Meghan Henning: Sarah, I have admired your work since your first book on comedy and resistance in Revelation appeared and so I was eager to read your second monograph, which focuses on trauma, with my graduate students this term.[1] This book engages so many important threads, bringing together trauma theory, queer theory, and trauma-informed eating to read Ezekiel alongside Passover and Eucharist rituals. How did you go from comedy to trauma?
Sarah Emanuel: Thank you, Meghan! It’s a joy to be in conversation with you. Your question is an interesting one and goes back to my work as a doctoral student. I knew early on that I wanted to study Jewish cultural survival strategies, and my work on survival actually led me sooner to trauma theory than to comedy studies. Eventually, though, I found my way to humor-as-survival through a course on Judges, and then connected that to survival in other ancient Jewish sources, such as Revelation (as you know, I consider Revelation a Jewish text!). The shift in this second book – that is, to trauma theory sans work on humor as a survival strategy – is probably because I wanted to make this project a little different from the first. I was also noticing a lack of biblical scholarship on food in/and trauma, and that surprised me. I wanted to see where that focus could take us.
MH: Yes! I have to admit to my own surprise at finding the food and eating angle in this project, but quickly realized that I shouldn’t have been surprised once I encountered the multivalent readings of Ezekiel, Passover, and the Eucharist that you offer us. Can you say more about the connection between food in/and trauma, how you understood it when you started the project, and maybe where the research took you ultimately? Food and eating are clearly emic to the primary texts you are working with, is it also a fundamental part of trauma studies?
SE: Great questions. So the book starts by offering an overview of trauma theory as it relates to psychology, psychiatry, and literary and cultural studies. It then applies this theory–or really theories–to Ezekiel’s response to the destruction of Jerusalem, Passover, and the Eucharist rite, all using food as a trauma-informed framing. It does this, however, while also implementing other framings (e.g., queerness and sexual violence), and the types of breaks, tangents, fogginess, and multiplicities we see in experiences of trauma (the book jumps to issues that have occurred within the biblical field, for example, or intertextualities in modern television; linear storytelling and meaning-making is not how trauma works, and thus not how this book works either).

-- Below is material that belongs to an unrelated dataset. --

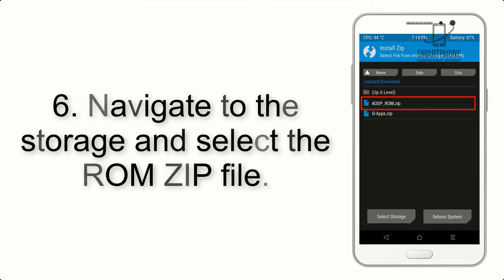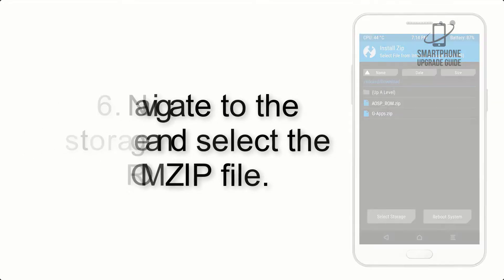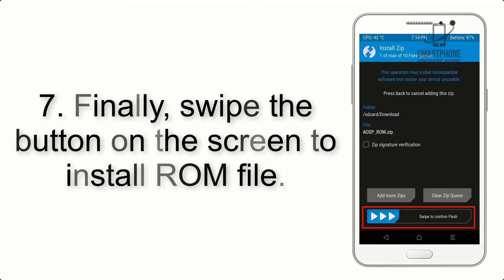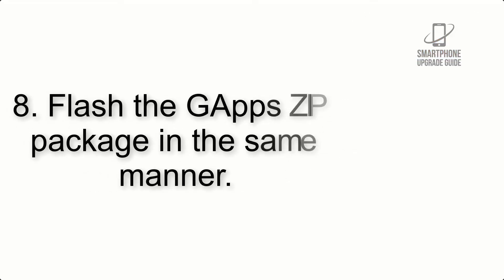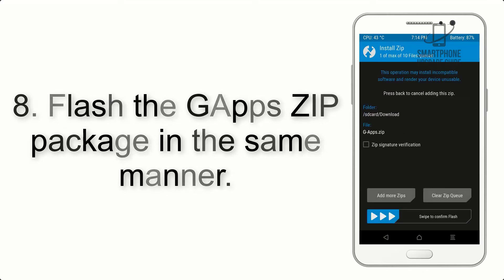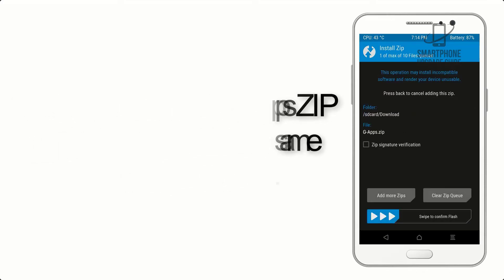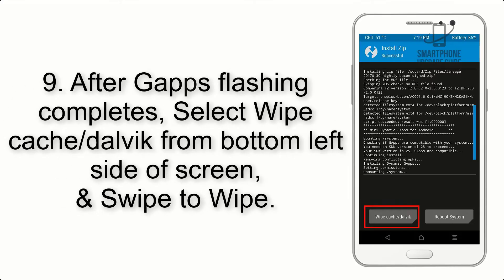Step 5: Go back to the recovery main screen and tap on the Install button. Step 6: Navigate to the storage and select the ROM zip file. Step 7: Finally, swipe the button on the screen to install the ROM file.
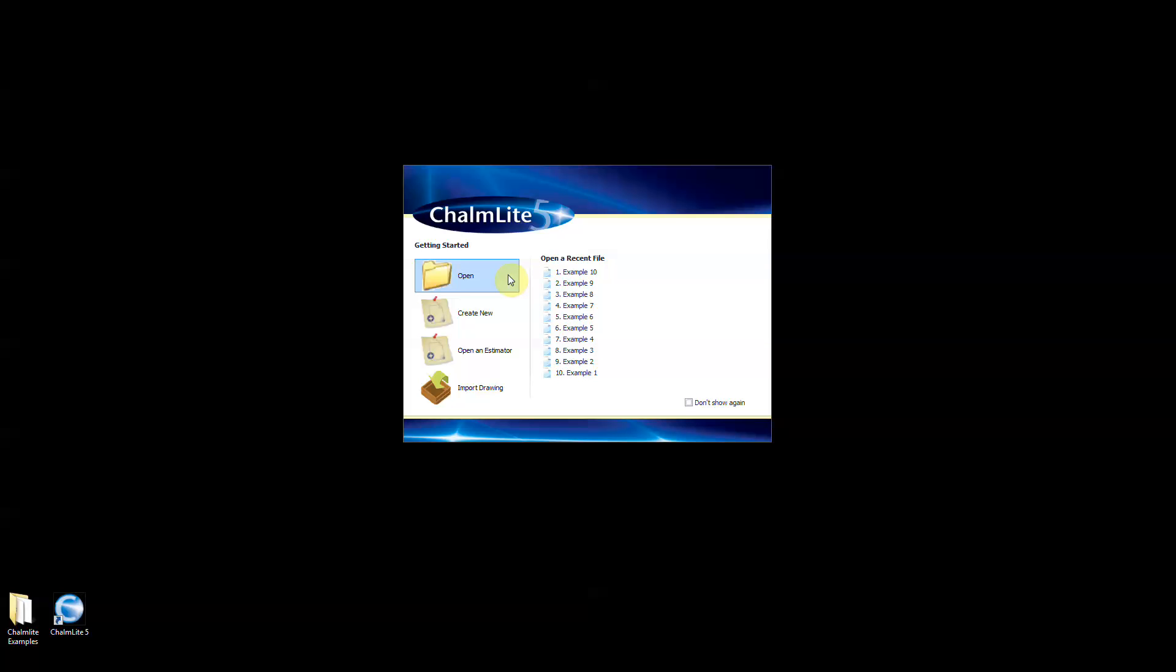Open allows you to open existing version 5 files. Create new starts a brand new project where project details can be entered and calculation areas or rooms can be created.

But to answer your question more specifically: yes, food comes up quite a bit in trauma studies. Survivors, for instance, may find themselves playing out their trauma in new ways throughout their post-traumatic lives, and food is an oft-noted site for this kind of enactment. In brief, survivors may negotiate and perform their feelings of self and trauma–trauma being any sort of traumatic impact, whether a neglectful parent, sexual, physical, or emotional abuse, war, displacement, etc.–through what/when/how they eat or don’t eat. I had been thinking about this for a while, but applying it to the biblical text really hit me in March 2020 when I was beginning to play with the interpretive possibilities for this book. Two things were happening in my orbit at that time: 1) We were in global lockdown, scrubbing our food supplies with various cleaners as if that would somehow grant us more control over the spreading Covid-19 virus; and 2) A loved one was beginning her work in therapy for an eating disorder. I was surrounded by pain and its relations to food and questioned if or to what extent the biblical stories–especially those that had already been read for trauma[2]–might be negotiating pain in and through food, too. Because the book of Ezekiel had already been read as performing trauma in and through the body of the Ezekiel character, I thought to look at Ezekiel first. And there it was: food. Right at the beginning of the narrative.
MH: Yes, right there, in this really visually stunning image that sticks with anyone who reads Ezekiel. You noted that you aren’t trying to “prove trauma” through food, but to see if Ezekiel says something about food we haven’t yet investigated. That is one of the things that I really appreciated about your book, that it contains so much that is novel for thinking about texts with already rich interpretive histories. Can you say a bit more about what you found in Ezekiel by looking at it in this new light?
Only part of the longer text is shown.